▶ _TASK OBJECTIVE_
Within the material below, transcribe exactly the lines from the one holding "画像12: SCHECTER　SD-2-24-AL STBK/R" through the one holding "booboobumbum1 online show", keeping both ends and skipping the rest.
INFORMATION GIVEN Start Marker
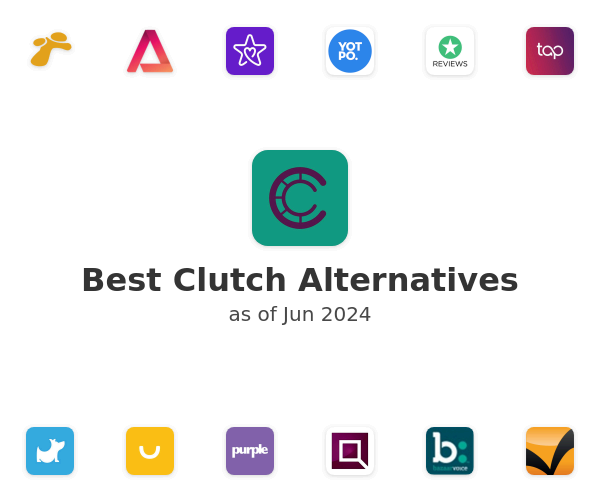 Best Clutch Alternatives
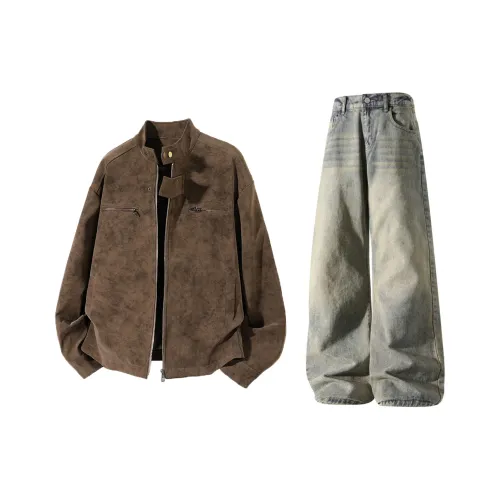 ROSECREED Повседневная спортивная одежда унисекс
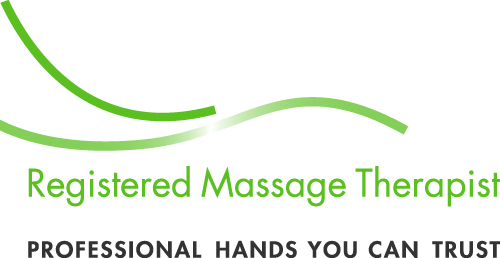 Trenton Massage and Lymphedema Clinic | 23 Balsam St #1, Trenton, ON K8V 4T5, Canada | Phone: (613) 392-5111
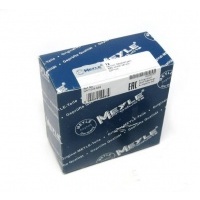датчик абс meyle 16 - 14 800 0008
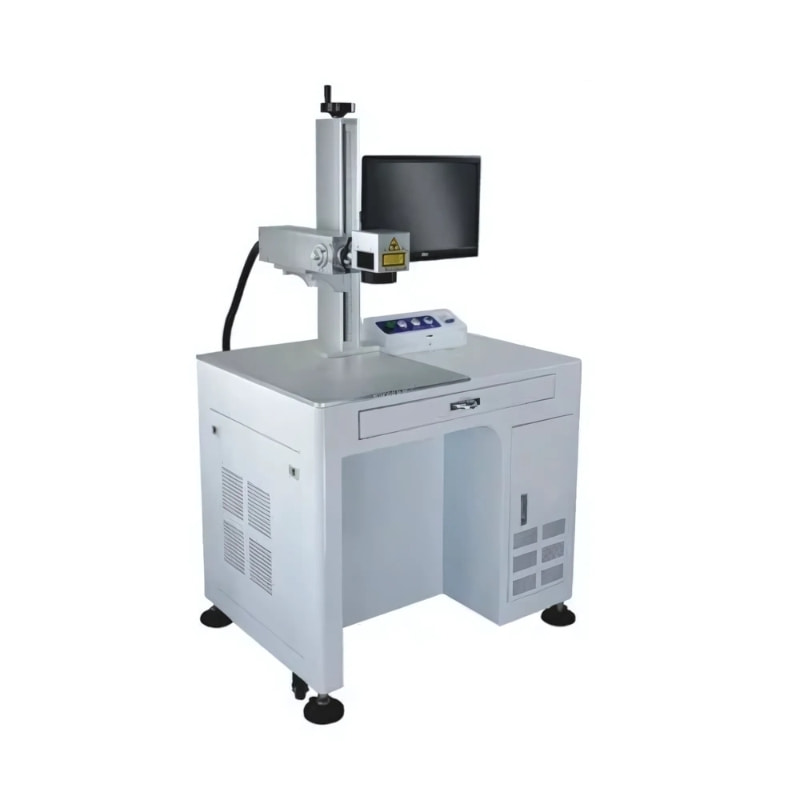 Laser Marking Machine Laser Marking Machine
INFORMATION GIVEN End Marker
INFORMATION GIVEN Start Marker
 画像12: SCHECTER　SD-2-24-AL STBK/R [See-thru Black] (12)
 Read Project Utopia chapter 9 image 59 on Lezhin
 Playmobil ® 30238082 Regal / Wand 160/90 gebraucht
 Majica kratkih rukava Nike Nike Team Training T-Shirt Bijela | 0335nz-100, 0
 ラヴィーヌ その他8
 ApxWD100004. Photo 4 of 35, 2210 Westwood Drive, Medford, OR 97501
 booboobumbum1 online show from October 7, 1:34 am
INFORMATION GIVEN End Marker
INFORMATION GIVEN Start Marker
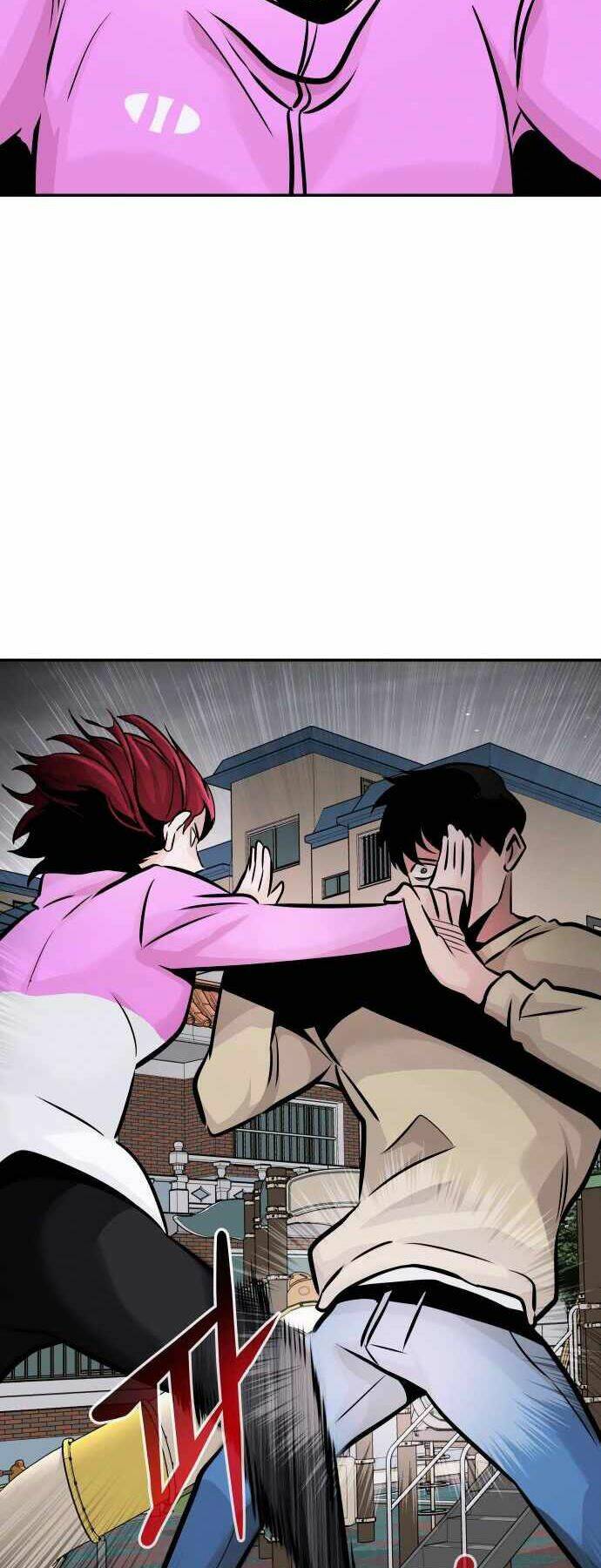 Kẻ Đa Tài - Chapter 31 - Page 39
INFORMATION GIVEN End Marker
▶ _TASK OUTPUT_
 画像12: SCHECTER　SD-2-24-AL STBK/R [See-thru Black] (12)
 Read Project Utopia chapter 9 image 59 on Lezhin
 Playmobil ® 30238082 Regal / Wand 160/90 gebraucht
 Majica kratkih rukava Nike Nike Team Training T-Shirt Bijela | 0335nz-100, 0
 ラヴィーヌ その他8
 ApxWD100004. Photo 4 of 35, 2210 Westwood Drive, Medford, OR 97501
 booboobumbum1 online show from October 7, 1:34 am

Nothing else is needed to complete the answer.